The Packard DR-980 is an American nine-cylinder air-cooled aircraft Diesel engine first certificated in 1930. The engine was unpopular despite its economy and reliability due to the unpleasant nature of its diesel exhaust fumes and considerable vibration when running; approximately 100 were built.

Design and development
Designed by Captain Lionel Woolson and Professor Hermann Dorner, the DR-980 made the first cross-country flight with a Diesel-powered aircraft in the United States when Woolson flew from Detroit to Langley Field in 1929, a distance of 700 miles (1,126 km) with a flight time of 6 hours and 40 minutes. On a later flight in a Stinson Detroiter from Detroit to Miami, the new engine showed its economy, the cost for fuel consumption being less than one cent a mile. This aircraft (complete with its engine) is preserved at the Golden Wings Flying Museum.

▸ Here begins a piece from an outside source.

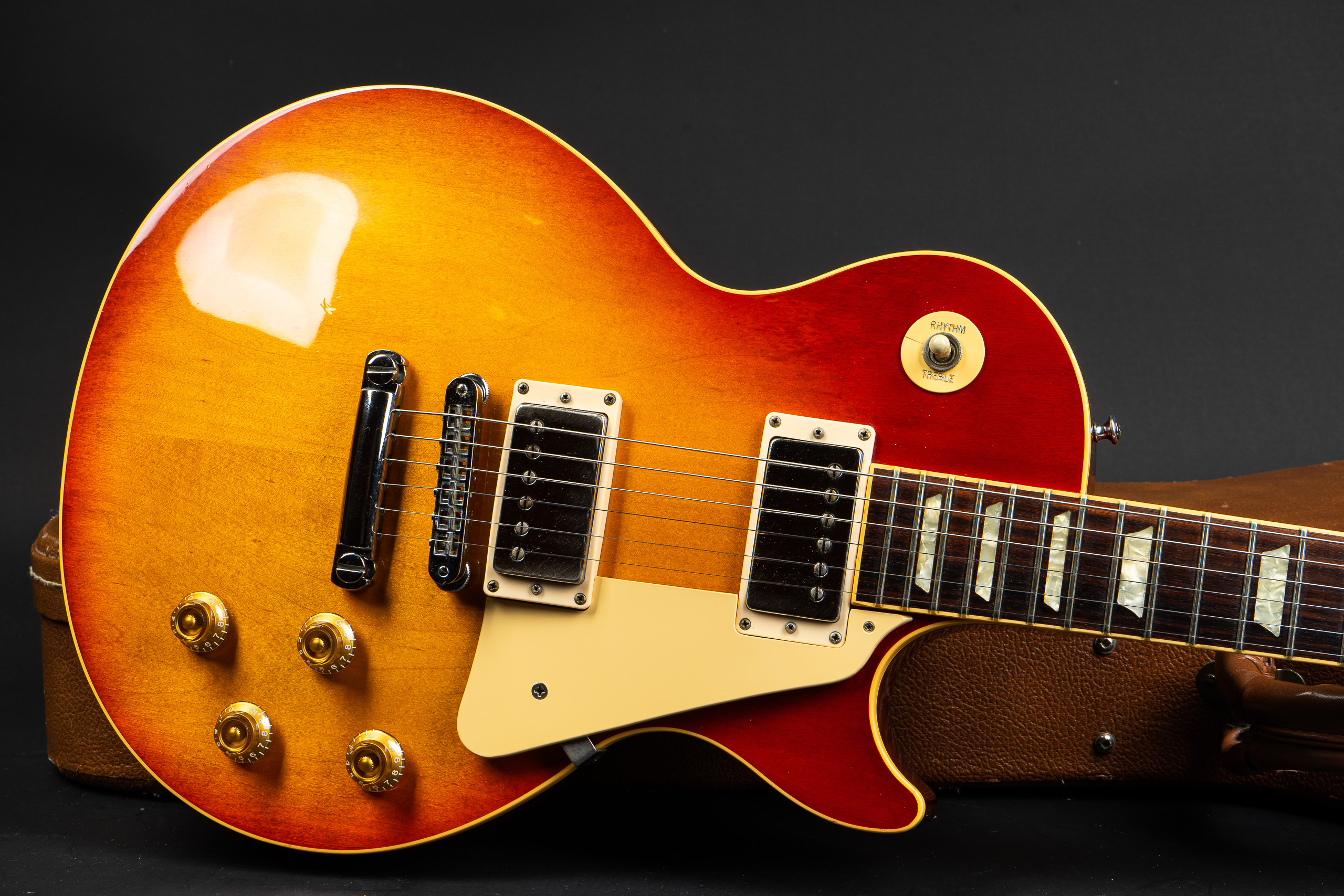 1991 Gibson Les Paul Standard - Sunburst - GuitarPoint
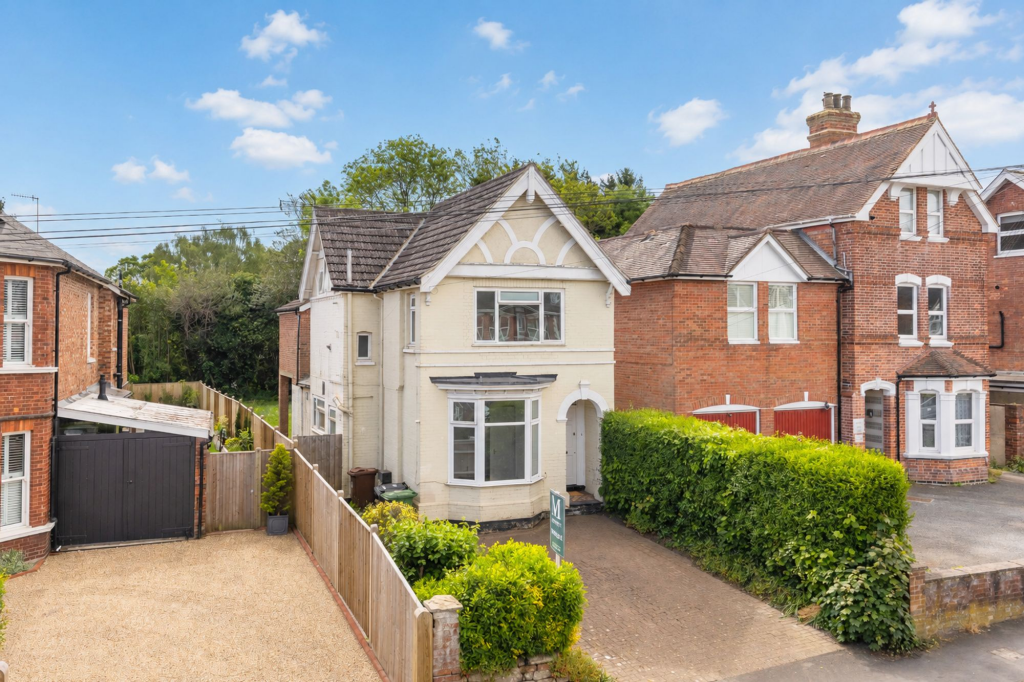 Main image of property: Upper Grosvenor Road, Tunbridge Wells, TN1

In 1930, the DR-980 passed its 50-hour certification test with a continuous rating of 225 hp (168 kW) at 1,950 rpm.  Production of the DR-980 ceased following the death of Captain Woolson in an aviation accident in April 1930; his legacy was the award of the Collier Trophy in 1931 to the Packard Motor Car Company for its work with this type of engine.

One recognizable feature of later DR-980s was the oil cooler, a spiral of metal tubing placed around the propeller shaft.

Endurance record
On 28 May 1931, a Bellanca CH-300 fitted with a DR-980, piloted by Walter Edwin Lees and Frederic Brossy, set a record for staying aloft for 84 hours and 32 minutes without being refueled. This record was not broken until 55 years later by the Rutan Voyager.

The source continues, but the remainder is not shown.